Padahal saat itu, PT TPPI mengalami kesulitan keuangan dan telah berhenti berproduksi dan PT TPPI memiliki utang kepada PT. Pertamina (Persero).
Honggo pun bersurat ke Kepala BP Migas Raden Priyono dan Deputi Finansial Ekonomi dan Pemasaran BP Migas Djoko Harsono agar TPPI dapat membeli minyak mentah/kondensat sebagai bahan baku langsung dari BP Migas untuk produksi BBM guna memenuhi kebutuhan dalam negeri.
Atas permohonan itu, Djoko menyetujuinya. Raden Priyono kemudian menunjuk PT TPPI sebagai penjual Kondensat bagian negara tapi penunjukan itu menyalahi prosedur.
Penunjukan langsung PT TPPI sebagai penjual kondensat bagian negara tidak melibatkan Tim Penunjukan Penjual Minyak Mentah/Kondensat Bagian Negara sehingga tidak pernah dilakukan kajian dan analisa. Atas perbuatan mereka dalam kasus kondensat, nilai kerugian negara terhitung mencapai Rp 37,8 triliun.
6. Kasus Asabri (Rp 22,78 Triliun)
Kasus korupsi PT Asabri (Persero) merupakan tindak pidana yang merugikan negara hingga Rp 22,78 triliun. Korupsi ini terjadi karena adanya penyalahgunaan kekuasaan dan dana investasi untuk kepentingan pribadi.
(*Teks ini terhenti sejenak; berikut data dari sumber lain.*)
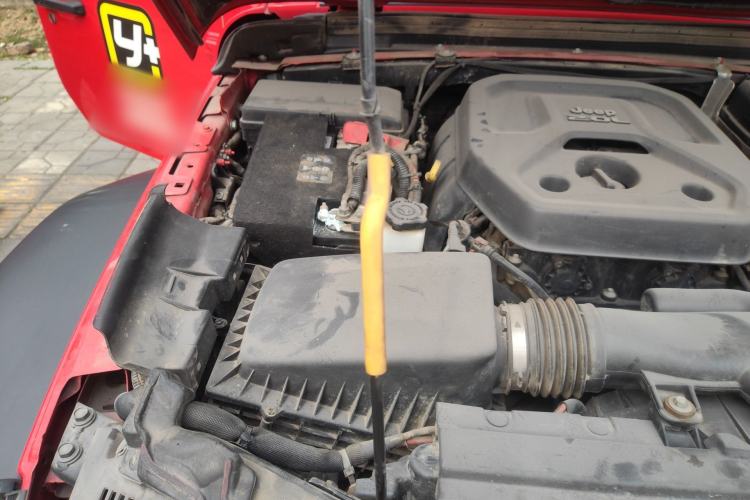 Used Jeep Wrangler 2019 2.0T Rubicon Four-Door Version China VI Emission Standard Engine Bay Right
Kasus ini terjadi dalam rentang waktu antara 2012 hingga 2019. Kasus ini terjadi lantaran Direktur Utama, Direktur Investasi, dan Direktur Keuangan Asabri bersepakat dengan pihak luar untuk membeli atau menukar saham. Belakangan saham yang dibeli tidak sesuai dengan ketentuan lantaran berisiko tinggi dan memiliki kinerja tidak baik
Adapun aktor dalam kasus ini tak jauh berbeda dengan kasus korupsi Jiwasraya, yakni, Benny Tjokrosaputro, dan Heru Hidayat yang keduanya sama-sama divonis penjara seumur hidup.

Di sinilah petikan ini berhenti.